I also found this in missing features:

When bees fragments an extent, the copied data is compressed. There is currently no way (other than by modifying the source) to select a compression method or not compress the data (patches welcome!).

This makes me wonder whether bees respects my choice of compression method or not.

NobodyXu commented 3 years ago

@Zygo I read that btrfs send currently uses v1, where every inode is simply read from disk, uncompressed before sending, the format seems to be similar to a tar.

And btrfs receive is entirely in userspace, using only system calls provided by btrfs.

This makes me wonder, is the snapshot received on the remote really deduplicated, or rather still contains duplicated data?
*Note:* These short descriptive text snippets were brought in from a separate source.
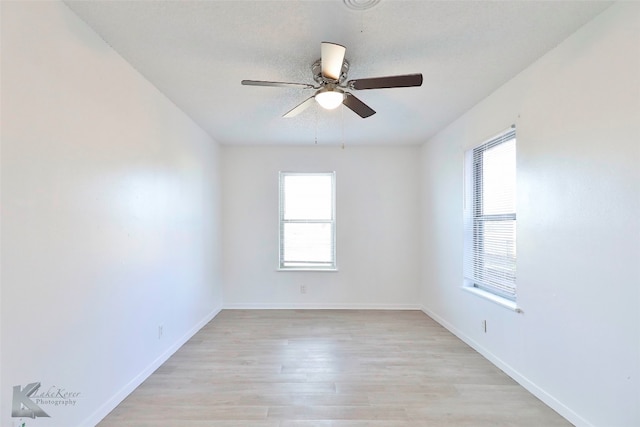 spare room featuring ceiling fan and light hardwood / wood-style floors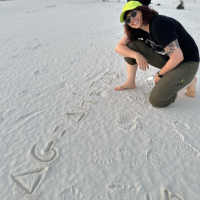 Autum Downey sitting on a beach pointing to an equation drawn in the sand.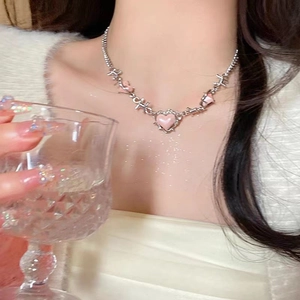 Close-up of pink heart pendant on silver thorn chain worn by a model in a Y2K style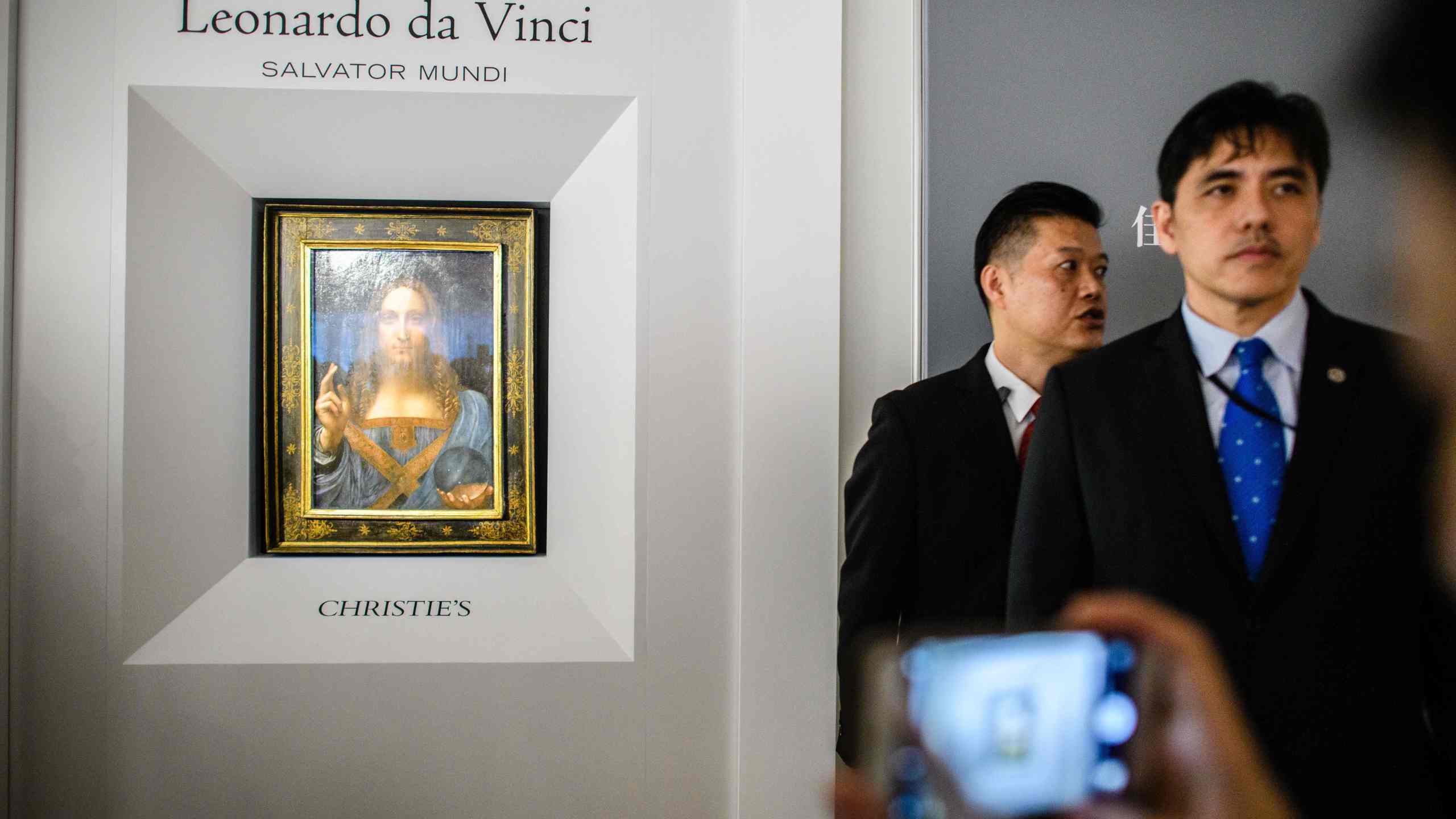 This picture taken on October 13, 2017, shows a man identified by local Hong Kong media as former CIA agent Jerry Chun Shing Lee standing in front of a member of security at the unveiling of Leonardo da Vinci's 'Salvator Mundi' painting at the Christie's showroom in Hong Kong. (Credit: Anthony Wallace/AFP via Getty Images)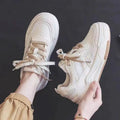 Women's pink low-top rubber sneakers with height-increasing soles and imitation leather lining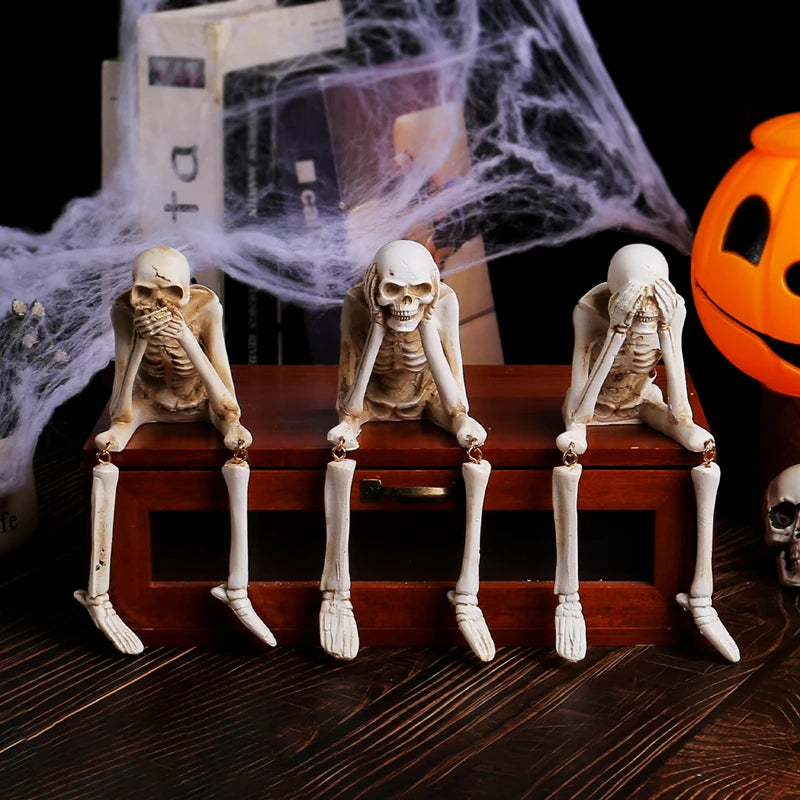 Three resin skeleton skull figurines seated on a wooden box with a white cobweb in the background.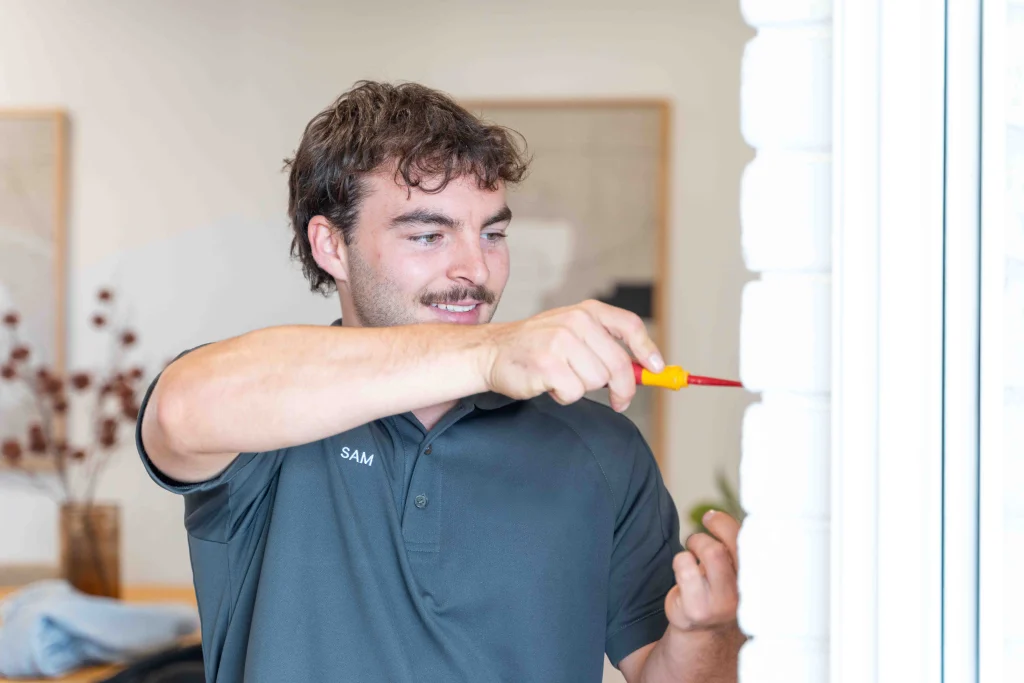 Professional electrician in uniform testing a circuit breaker panel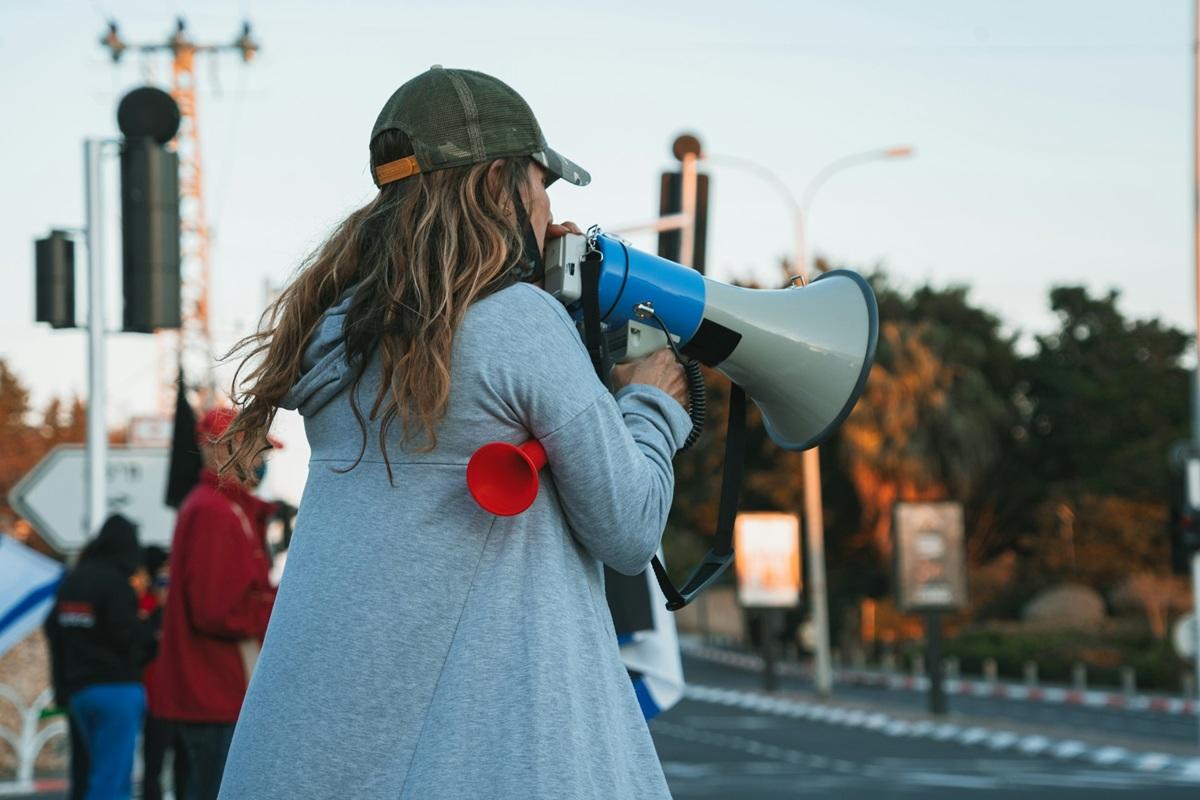 Woman leading strike chant with megaphone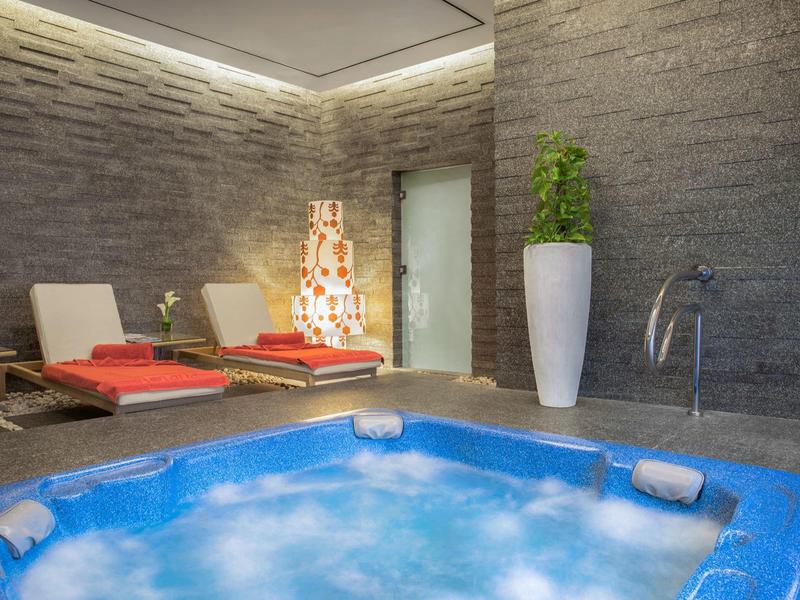 Jacuzzi iluminado con burbujas en sala con paredes de piedra y tumbonas con toallas rojas.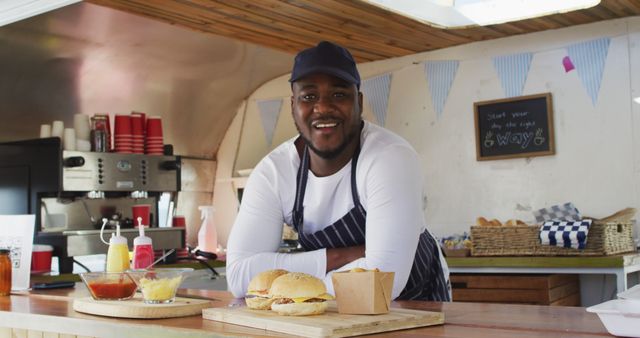 Chef wearing striped apron stands at counter in food truck, presenting freshly prepared burgers with pride. Great for use in articles about street food entrepreneurship, small business promotion, outdoor food events, or cooking showcases.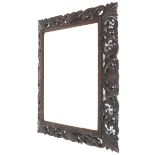 A late 19th/early 20th century carved and stained wood mirror.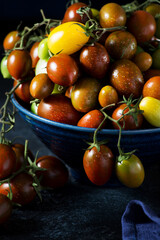 Naklejka na ściany i meble Fresh organic cherry tomatoes on a branch, colorful seasonal tomatoes in a bowl on a dark background
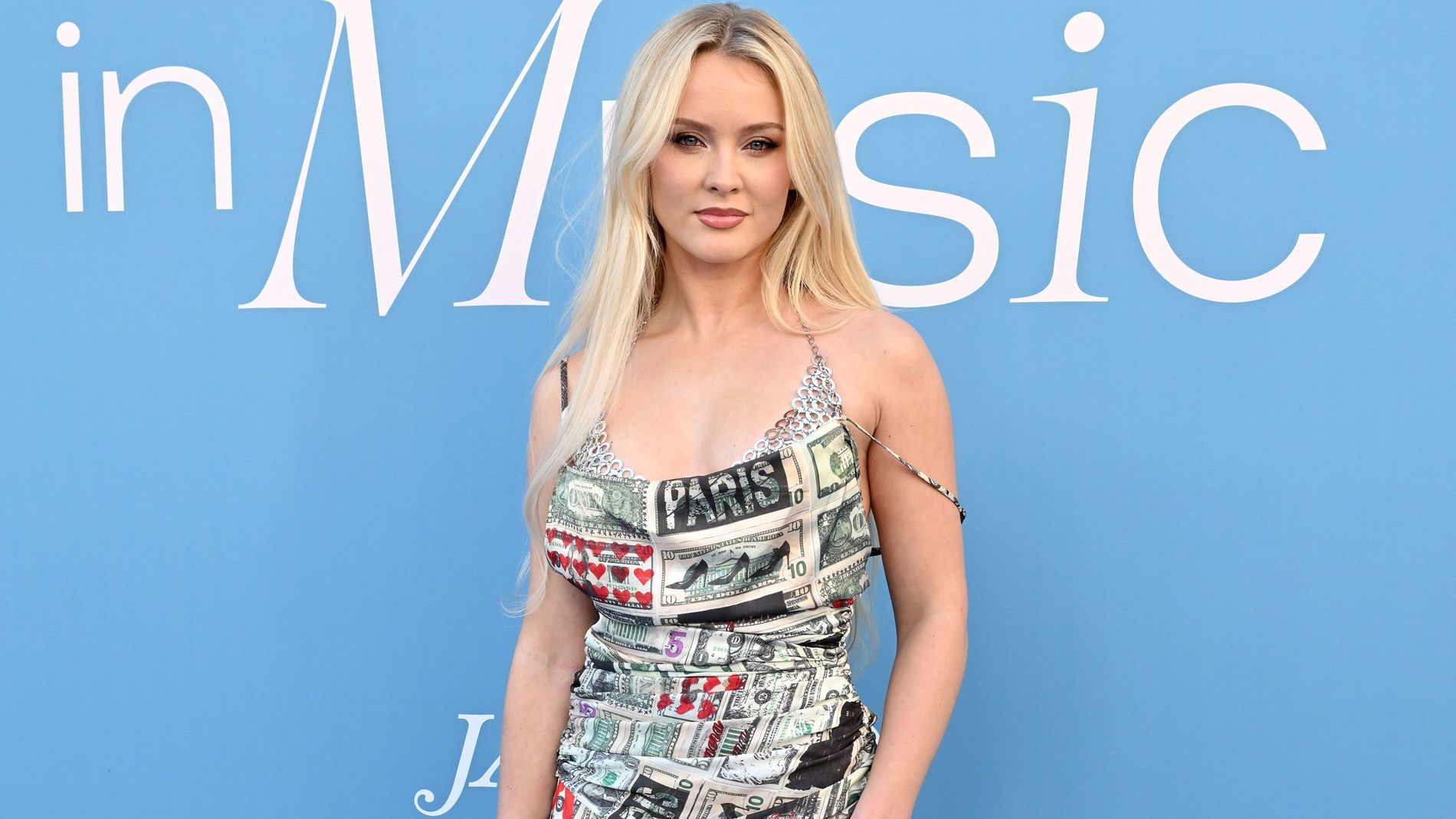 Zara larsson attending the Billboard music awards wearing a patterned dress with white suede boots and black feather dress 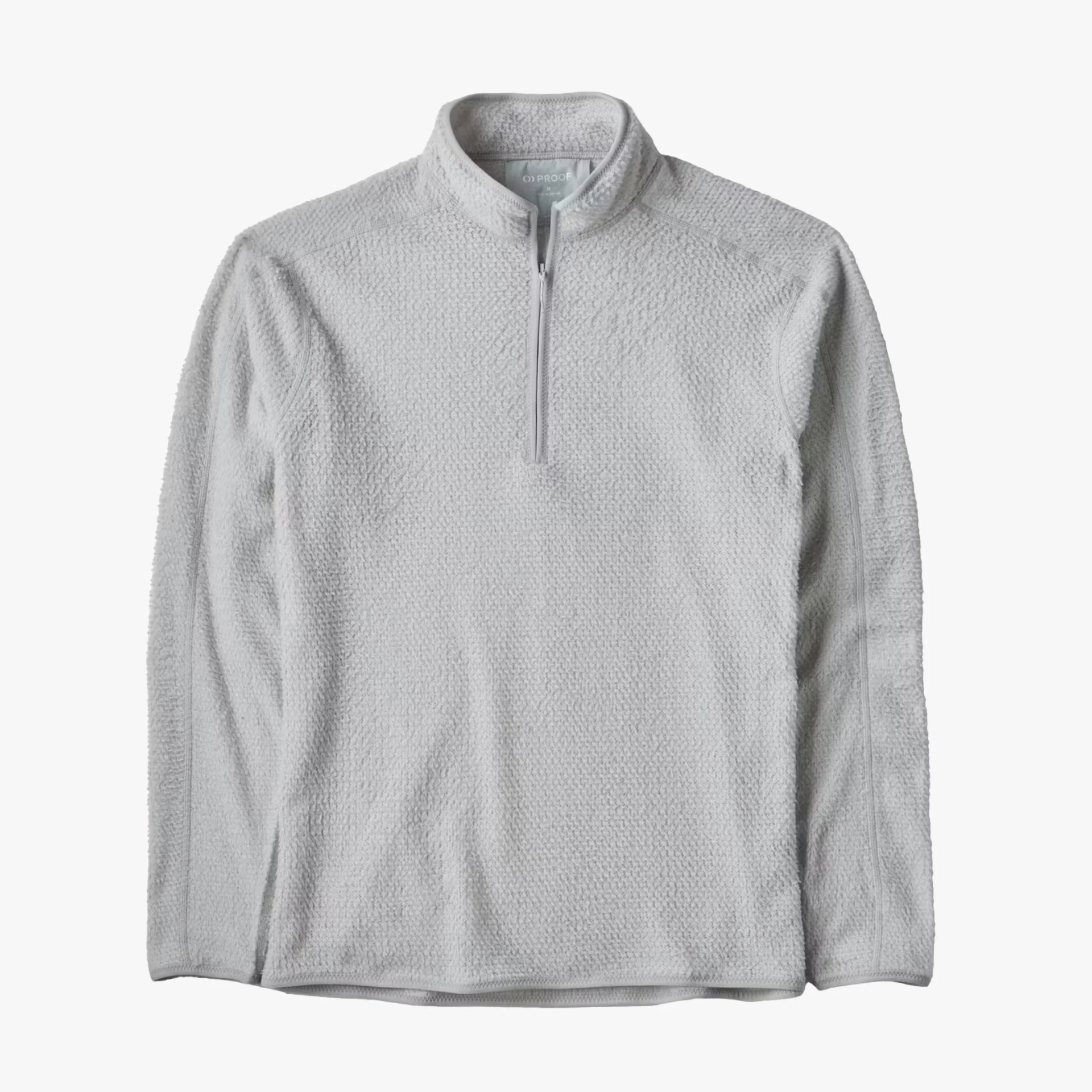 Light gray textured fleece pullover with a quarter-zip and stand collar.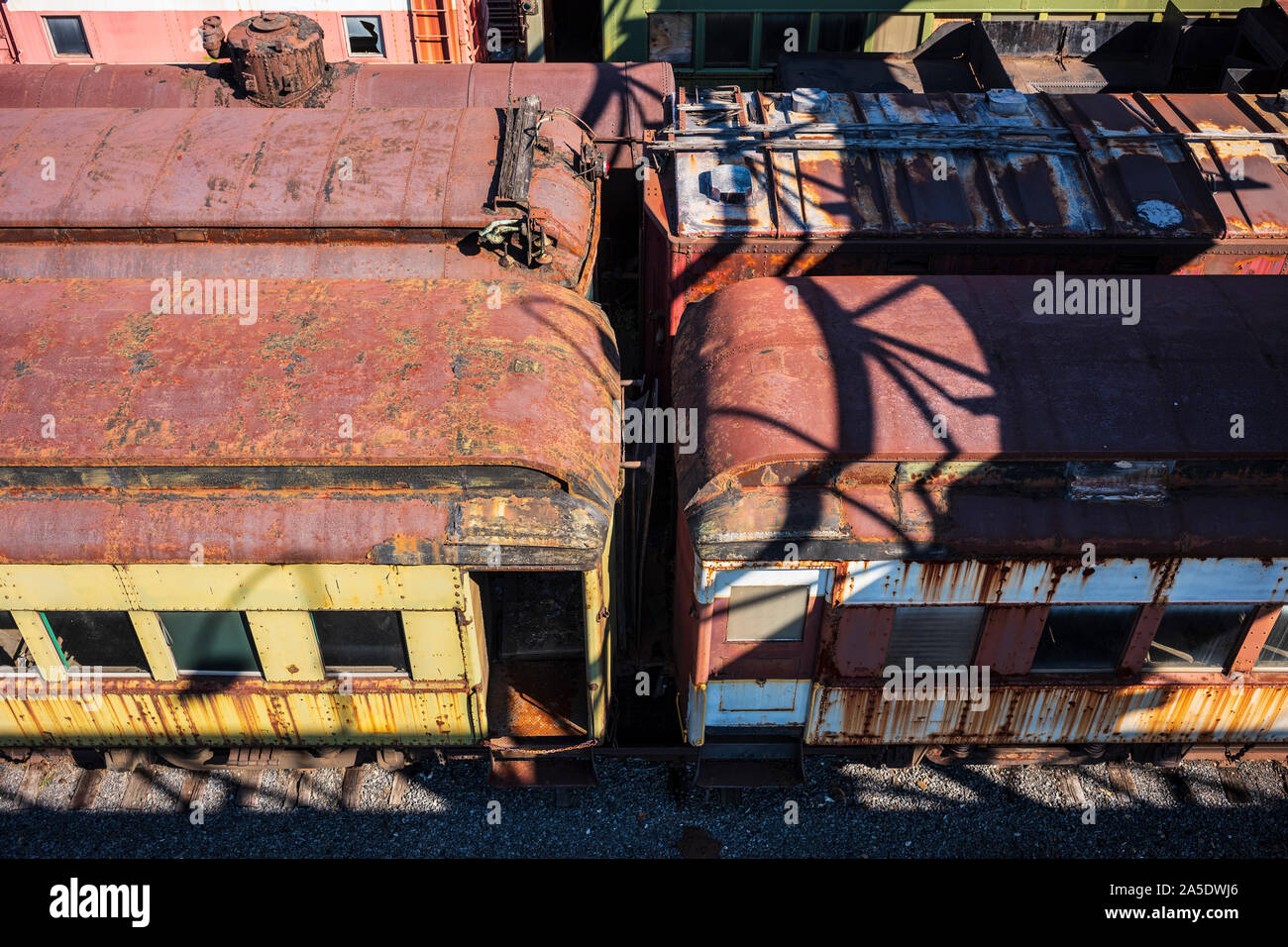 Vintage train cars and locomotives, covered in rust and are in ...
Zygo commented 3 years ago

"system calls provided by btrfs" includes the clone range system call, which creates a reflink extent. send will emit these instead of copies where it can, and when it does, the data is not duplicated on the receiver. v2 send format introduces more cases where clones are possible, but v1 send streams still include a lot of clone commands.

receive does exactly what send tells it to do. All of the intelligence is on the sending side.

send streams are serialized system calls and data packets. You can decode one with btrfs receive --dump and see what it contains. They bear little to no resemblance to tar files. They are more like a shell script creating files, setting attributes, and renaming them into place.

Compression method and level is determined by the mount option. If no mount option is provided, the btrfs default method is zlib and level is 3. bees will always compress when it rewrites an extent. Future versions of bees might try to match the original extent's compression method, or have a configurable compression method to use for extent rewrite.

NobodyXu commented 3 years ago

@Zygo Would adding an option in configuration for mount options in bees/beesd.in#L117 ensure that the deduplicated data is compressed using the method I want?

NobodyXu commented 3 years ago

It seems that the current v1 send still doesn’t handle deduplication optimally.

On my local machine with beese, two snapshots and the original, modifiable dir, it takes 27GB.

Using the same compression method and level, but without beese, the two snapshots take 31G.

Zygo commented 3 years ago

send definitely does not handle dedupe optimally. It will be somewhere between no deduplication at all (i.e. the total size of both snapshots) and full deduplication (i.e. the size of the original).